Thirteen Reasons for the Stink Around the Economy

Tuesday, December 11, 2007 at 11:14 AM

Select quotes from Paul B. Farrell's "13 reasons Bush's bailout won't stop recession," at MarketWatch:

1. The best-and-brightest lost $165 billion, but exited rich, with hundreds of millions.
2. They must be smoking hundred dollar bills from lobbyists because this government intervention scheme smells bad.

Why? Because all these solutions are being dreamed up by the same political and financial geniuses who got us into the problems in the first place.

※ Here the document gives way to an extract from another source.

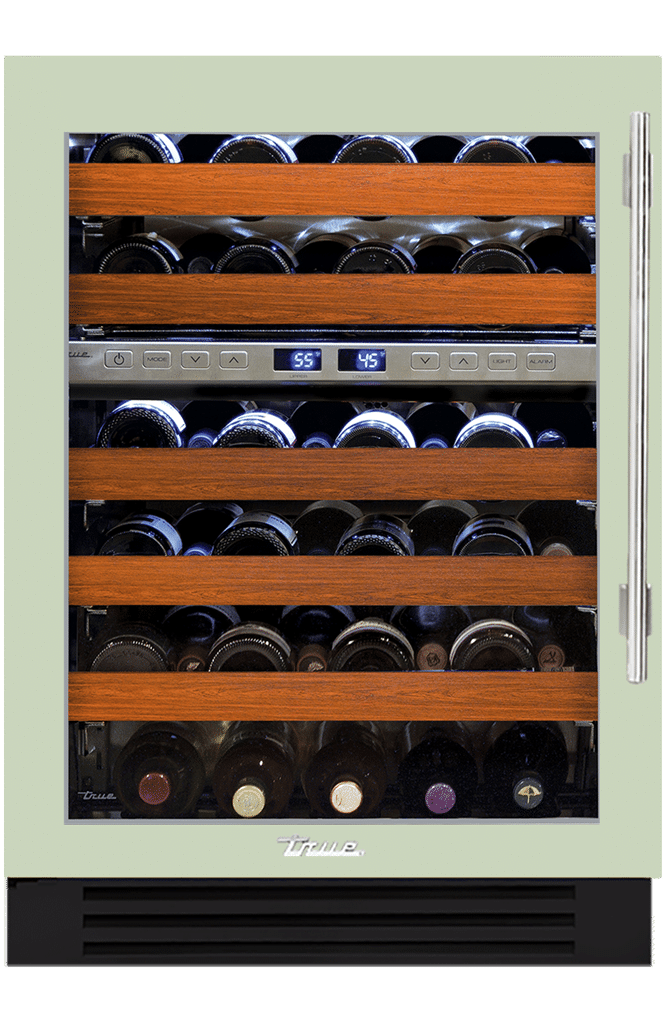 24 Undercounter Wine Dz Lh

3. This time Washington's just trying to salvage an out-of-control Wall Street.
4. They got greedy, sold junk. Now people [in other countries] don't trust us anymore.
5. It's almost funny. Supply-siders pretend to trust the free market to work out problems. Yet the elite of the conservative free-market supply-siders on Wall Street, at the Federal Reserve and (except for the Veep) in the White House, pushed for and got government intervention to minimize mortgage credit losses created by Wall Street's excessive greed.
6. Washington knows this is just a PR photo-op pandering to Middle America's fears.
7. Wall Street got too greedy, made mega-billions. The average managing director made $2.52 million repackaging mortgages. Bubble pops. Housing collapses. Defaults. Foreclosures. Local revenues dropping. Federal, too.
8. Congress, the SEC and other state regulators will demand answers, such as why was Goldman shorting the SIVs** they were selling, many of which quickly went into default? What did they fail to disclose? Sounds like a massive conflict of interest with major liabilities. These hearings could drag on a long time, further undermining the international credibility of the dollar.
**An SIV is a "structured investment vehicle," defined at Wickipedia as: "a fixed income maturity transformation fund, similar to a CDO or conduit. SIVs are a type of structured credit product; they are usually from $1bn to $30bn in size and invest in a range of asset-backed securities, as well as some financial corporate bonds. Unlike a CDO, an SIV has an open-ended (or evergreen) structure; it plans to stay in business indefinitely by buying new assets as the old ones mature." Got that?
9. The truth: [Paulson and Bernanke] had the data long before August, and mislead [sic] us. One is a former chief of a leading Wall Street bank packaging the SIVs. The other is our Fed boss with a staff of thousands of economists and data-crunchers. They knew the truth many months ago, and did nothing.
10. Paulson's first response in August was not to help the two million subprime mortgage holders. No, Paulson's first response was to create a $100 billion bailout fund to help his old Wall Street cronies keep all those junk mortgage credits off their balance sheets. More conflicts? You bet.
11. Remember Bush Sr.'s chairman of the Council of Economic Advisers, Michael Boskin? He miscalculated U.S. tax revenues by $12 trillion a few years ago. Remember the low-ball estimates of drug entitlements? Or the estimates on Iraq war costs?
12. Rate freezes will drag out the recession, ultimately making it worse. Property values will drop further, new home construction will be delayed, equity-to-mortgage ratios will fall, but the income of junk mortgage owners won't improve in a recession
13. Deep down, Washington and Wall Street know you can't stop the coming downturn. Recessions are natural, inevitable, essential; a positive way of cleaning out the excesses of a prior bull market. So stop whining. It will flush itself! Stop fighting, go with the flow.
So who is Farrell, who has such an unremitting disgust for America's current economic leadership? Here's his bio from Barnes & Noble's site:
PAUL B. FARRELL, JD, PhD, is an investing and personal finance columnist for CBS MarketWatch. Dr. Farrell has written more than 1,000 columns, many of which have been syndicated on America Online, Yahoo!, and E* He frequently appears on television and radio, including CNBC, CNN, Bloomberg, and FOX. He has written four books and previously worked as an executive vice president of Financial News Network, associate editor of the Los Angeles Herald Examiner, and as an investment banker with Morgan Stanley.
When the true believers in the markets have this to say about the economy and the folks at the top, grab your wallet, store some food and water, and make sure the door's locked. Securely.